Road to civil war timeline Matt Dietrich

By matt03
  • Missouri compromise

    In an effort to preserve the balance of power in Congress between slave and free states, the Missouri Compromise was passed in 1820
  • Nat Turner Rebellion

    Nat Turner's Rebellion was a slave rebellion that took place in Southampton County, Virginia, in August 1831, led by Nat Turner. Rebel slaves killed from 55 to 65 people, at least 51 being white.
  • Compromise of 1850

    Senator Henry Clay introduced a series of resolutions on January 29, 1850, in an attempt to seek a compromise and avert a crisis between North and South. As part of the Compromise of 1850, the Fugitive Slave Act was amended and the slave trade in Washington, D.C., was abolished.
  • Fugitive slave act

    The Fugitive Slave Law or Fugitive Slave Act was passed by the United States Congress on September 18, 1850, as part of the Compromise of 1850 between Southern slave-holding interests and Northern Free-Soilers. Abolitionists nicknamed it the "Bloodhound Law" for the dogs that were used to track down runaway slaves.
  • Uncle toms cabin

    An anti slavery book that was believed to have been a big factor that lead to the civil war
  • Bleeding Kansas

    The Border War was a series of violent civil confrontations in the United States between 1854 and 1861 which emerged from a political and ideological debate over the legality of slavery in the proposed state of Kansas.
  • Kansas Nebraska act

    The Kansas-Nebraska Act was passed by the U.S. Congress on May 30, 1854. It allowed people in the territories of Kansas and Nebraska to decide for themselves whether or not to allow slavery within their borders.

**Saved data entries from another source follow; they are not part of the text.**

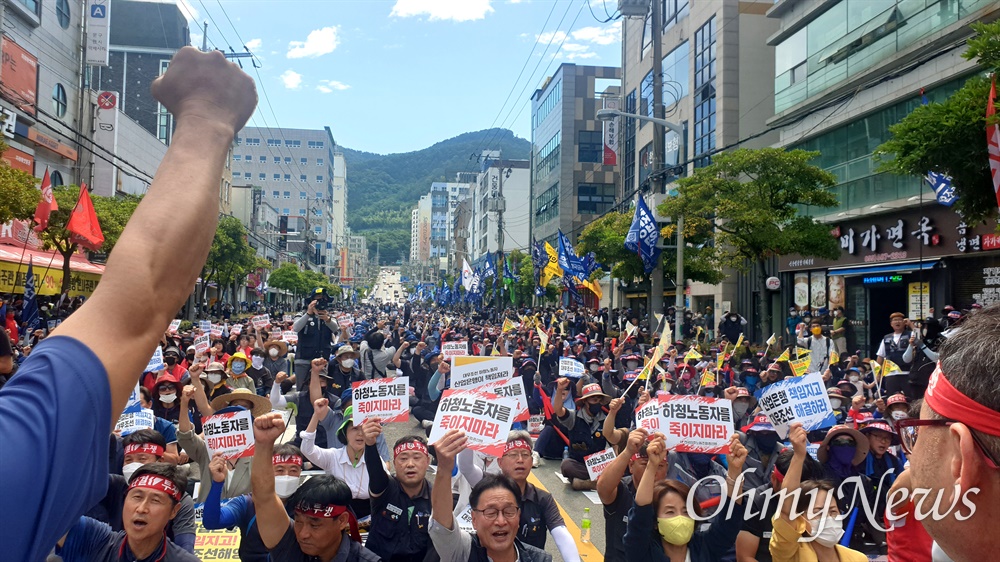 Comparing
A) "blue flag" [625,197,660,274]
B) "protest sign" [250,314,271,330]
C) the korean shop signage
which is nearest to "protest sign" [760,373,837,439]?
the korean shop signage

The Act served to repeal the Missouri Compromise of 1820
  • Brooks Attacks Sumner

    The Caning of Charles Sumner, or the Brooks–Sumner Affair, occurred on May 22, 1856, in the United States Senate when Representative Preston Brooks used a walking cane to attack Senator Charles Sumner, an abolitionist, in retaliation for a speech given by Sumner
  • Lincoln-Douglas Debates

    Lincoln-Douglas debates, series of seven debates between the Democratic senator Stephen A. Douglas and Republican challenger Abraham Lincoln during the 1858 Illinois senatorial campaign, largely concerning the issue of slavery extension into the territories.
  • Raid on Harper's Ferry

    It was an effort by abolitionist John Brown to initiate an armed slave revolt in 1859 by taking over a United States arsenal at Harpers Ferry, Virginia. Brown's party of 22[1] was defeated by a company of U.S. Marines,
  • Election of 1860

    American presidential election held on Nov. 6, 1860, in which Republican Abraham Lincoln defeated Southern Democrat John C. Breckenridge, Democrat Stephen A. Douglas, and Constitutional Union candidate John Bell.